Using Hudson/Distributed builds
|Hudson Continuous Integration Server|
|Mailing List • Forums • IRC|
|Distributed building using Hudson|
Hudson supports the "master/slave" mode, where the workload of building projects are delegated to multiple "slave" nodes, allowing single Hudson installation to host a large number of projects, or provide different environments needed for builds/tests. This document describes this mode and how to use it.
How does this work?
A "master" is an installation of Hudson. When you weren't using the master/slave support, a master was all you had. Even in the master/slave mode, the role of a master remains the same. It will serve all HTTP requests, and it can still build projects on its own.
Slaves are computers that are set up to build projects for a master. Hudson runs a separate program called "slave agent" on slaves. There are various ways to start slave agents, but in the end a slave agent and Hudson master needs to establish a bi-directional byte stream (for example a TCP/IP socket.)
When slaves are registered to a master, a master starts distributing loads to slaves. The exact delegation behavior depends on configuration of each project. Some projects may choose to "stick" to a particular machine for a build, while others may choose to roam freely between slaves. For people accessing Hudson website, things works mostly transparently. You can still browse javadoc, see test results, download build results from a master, without ever noticing that builds were done by slaves.
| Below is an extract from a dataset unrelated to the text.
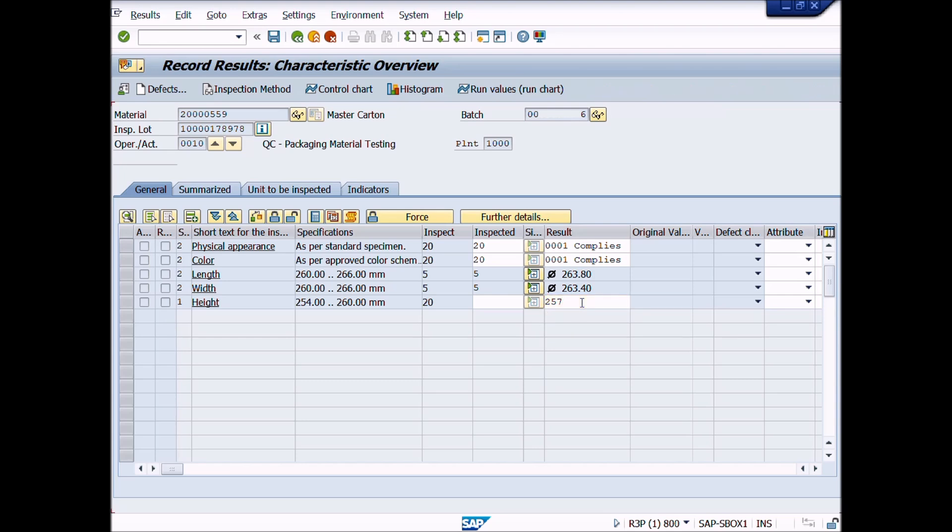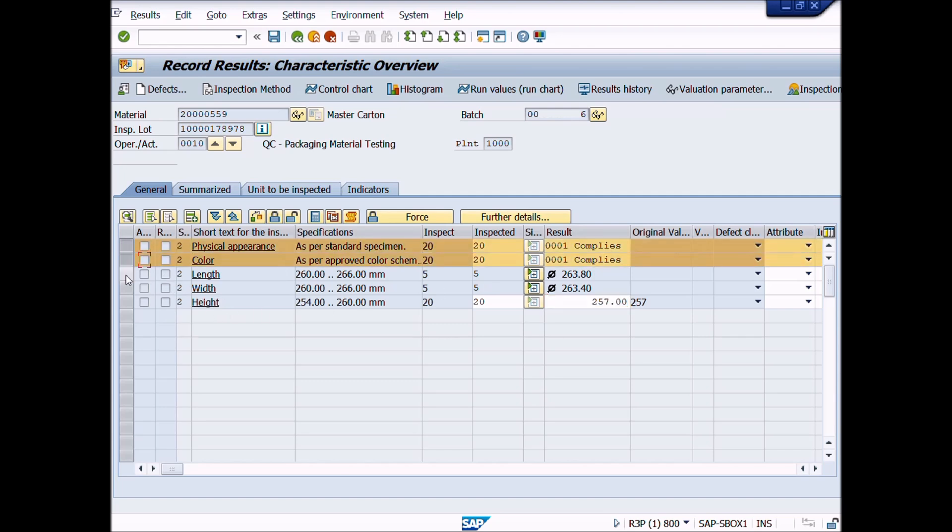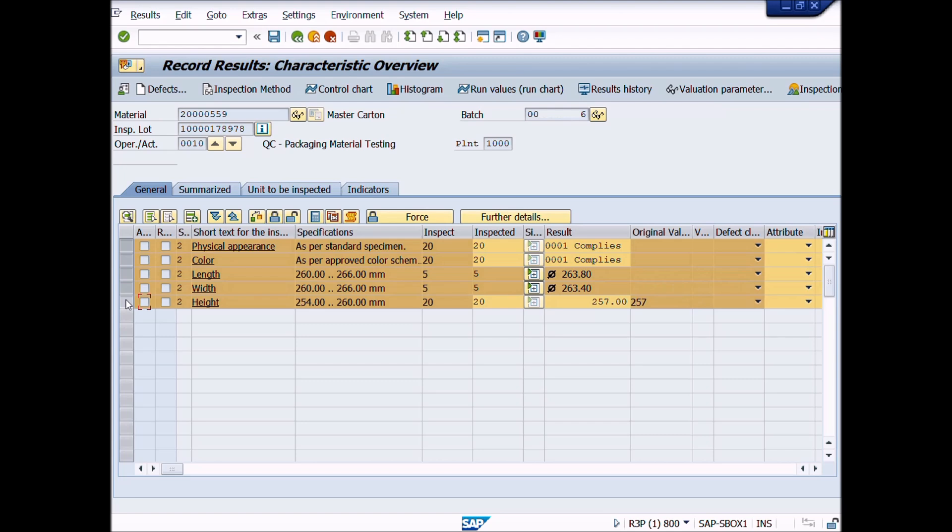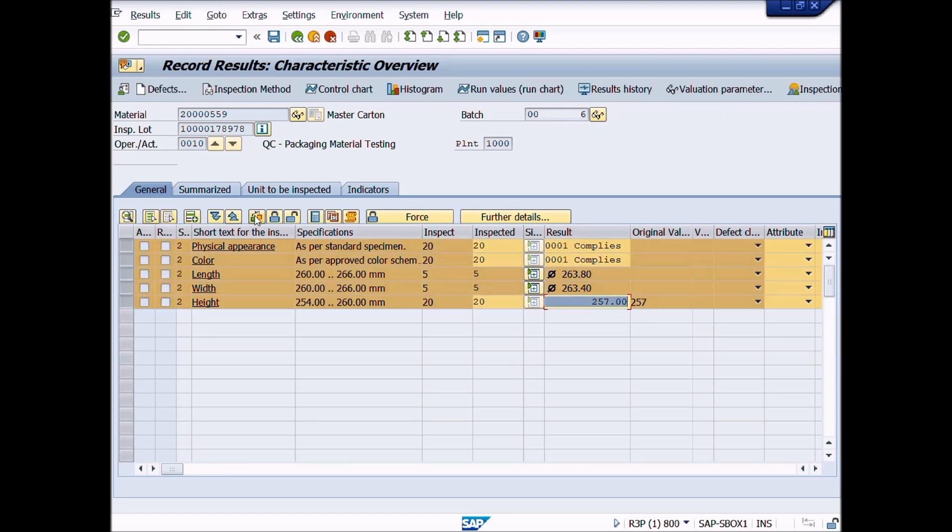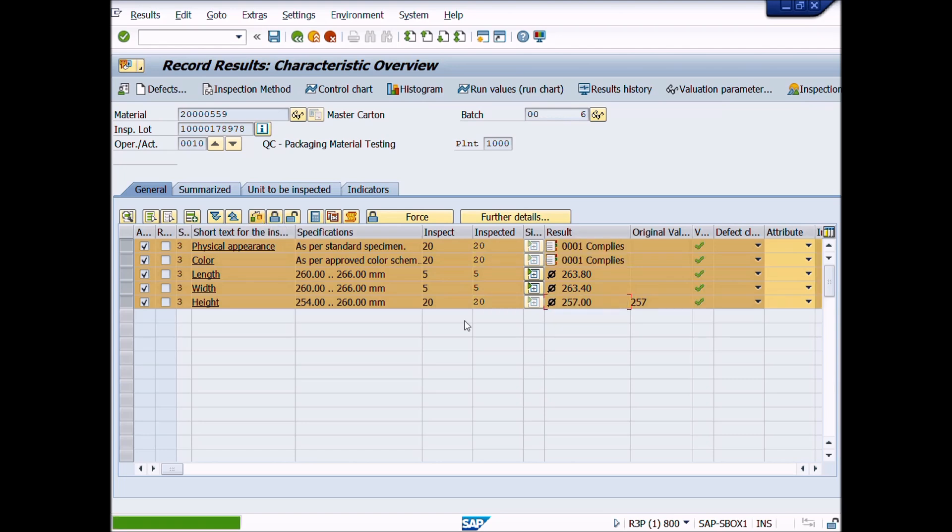After completion of entries for all inspection results, we will select all inspection characteristics. Now we will click on Valuate button so that the system can valuate the inspection results. Here you can see that the system has valuated the results successfully. A message appeared that the valuation was successful. Then we will click on save button to close the results.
Follow the Step by step guide to set up master and slave machines to quickly start using distributed builds.
Different ways of starting slave agents
Pick the right method depending on your environment and OS that master/slaves run.
Have master launch slave agent via ssh
Hudson has a built-in SSH client implementation that it can use to talk to remote sshd and start a slave agent. This is the most convenient and preferred method for Unix slaves, which normally has sshd out-of-the-box. Click Manage Hudson, then Manage Nodes, then click "New Node." In this set up, you'll supply the connection information (the slave host name, user name, and ssh credential). Note that the slave will need the master's public ssh key copied to ~/.ssh/authorized_keys. (This is a decent howto if you need ssh help). Hudson will do the rest of the work by itself, including copying the binary needed for a slave agent, and starting/stopping slaves. If your project has external dependencies (like a special ~/.m2/settings.xml, or a special version of java), you'll need to set that up yourself, though.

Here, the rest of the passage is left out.